# Using GPUs for Computational Finance

Mike Giles

mike.giles@maths.ox.ac.uk

Oxford-Man Institute of Quantitative Finance
Oxford University Mathematical Institute

NVIDIA CUDA Fellow for Computational Finance

NAG / Wilmott Quant Day, October 22, 2009

# **Opportunity**

- CPUs have up to 6 cores (each with a SSE vector unit) and 10-30 GB/s bandwidth to main system memory
- NVIDIA GPUs have up to 30×8 cores on a single chip and 100+ GB/s bandwidth to graphics memory
- offer 50–100× speedup relative to a single CPU core
- roughly 10× speedup relative to two quad-core Xeons
- also 10× improvement in price/performance and energy efficiency

How is this possible? Logically simpler cores (SIMD units, no out-of-order execution or branch prediction) for vector computing, not general purpose

# **Opportunity**

Is this GPU advantage sustainable? Yes!

- IBM, AMD and Intel all producing GPUs too
- NVIDIA has a good headstart on software side with CUDA environment
- new OpenCL software standard (based on CUDA and pushed by Apple) will probably run on all platforms
- driving applications are:
  - computer games "physics"
  - video (e.g.

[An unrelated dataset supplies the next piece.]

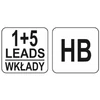 Kép 4/4 - YATO Ácsceruza tölthető + 5db betét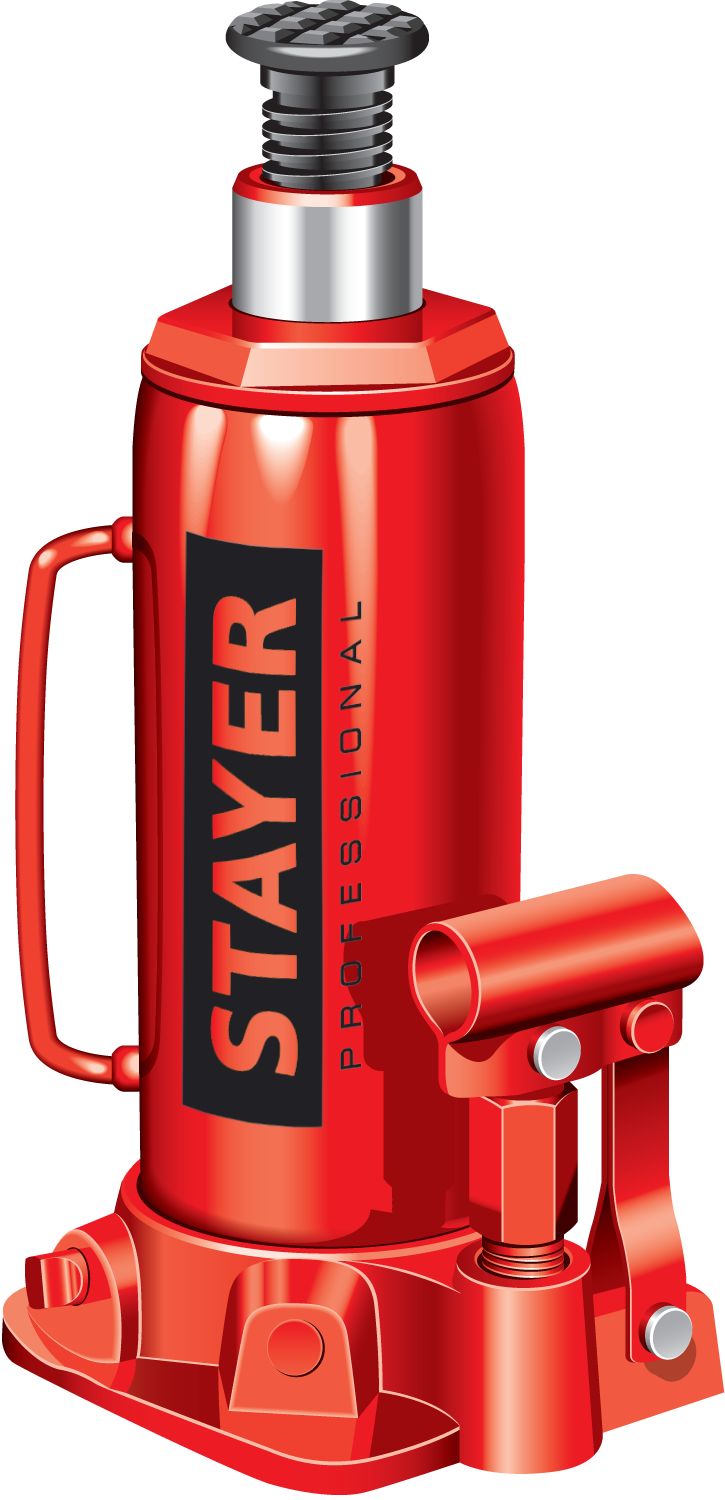 Домкрат STAYER RED FORCE 43160-12_z01, бутылочный гидравлический, 12 т, 230мм-465мм (43160-12_z01) - фото 1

HD video decoding)
  - computational science
  - computational finance
  - oil and gas

# Why GPUs will stay ahead

#### Technical reasons:

- SIMD units means larger proportion of chip devoted to floating point computation (but CPUs will respond with longer vector units – AVX)
- tightly-coupled fast graphics memory means much higher bandwidth

#### Commercial reasons:

- CPUs driven by price-sensitive office/home computing; not clear these need vastly more speed
- CPU direction may be towards low cost, low power chips for mobile and embedded applications
- GPUs driven by high-end applications prepared to pay a premium for high performance

### Use in computational finance

- Bloomberg has a large cluster:
  - 48 NVIDIA Tesla units, each with 4 GPUs
  - alternative to buying 2000 CPUs
- BNP Paribas has a small cluster:
  - 2 NVIDIA Tesla units
  - replacing 250 dual-core CPUs
  - factor 10x savings in power (2kW vs. 25kW)
- lots of other banks doing proof-of-concept studies
  - my impression is that IT groups are keen, but quants are concerned about effort involved
- Several ISV's now offer software based on CUDA

# **Programming**

Big breakthrough in GPU computing has been NVIDIA's development of CUDA programming environment

- C plus some extensions and some C++ features
- host code runs on CPU, CUDA code runs on GPU
- explicit movement of data across the PCIe connection
- very straightforward for Monte Carlo applications, once you have a random number generator
- significantly harder for finite difference applications (but will be much easier with next-generation GPU)
- see example codes on my website

# My experience

- Random number generation (mrg32k3a/Normal):
  - 2500M values/sec on GTX 280
  - 70M values/sec/core on Xeon using Intel's VSL
- LIBOR Monte Carlo testcase:
  - 180x speedup on GTX 280 compared to single thread on Xeon
- 3D PDE application:
  - factor 50x speedup on GTX 280 compared to single thread on Xeon
  - factor 10x speedup compared to two quad-core Xeons

GPU results are all single precision – double precision is currently 2-4 times slower, no more than factor 2 in future

Main challenge for Monte Carlo simulation is parallel random number generation

- want to generate same random numbers as in sequential single-thread implementation
- two key steps:
  - ullet generation of [0,1] uniform random number
  - conversion to other output distributions (e.g. unit Normal)
- many of these problems are already faced with multi-core CPUs and cluster computing
- NVIDIA does not provide a RNG library, so I have developed one with NAG

Key issue in uniform random number generation:

- when generating 10M random numbers, might have 5000 threads and want each one to compute 2000 random numbers
- need a "skip-ahead" capability so that thread n can jump to the start of its "block" efficiently (usually  $\log N$  cost to jump N elements)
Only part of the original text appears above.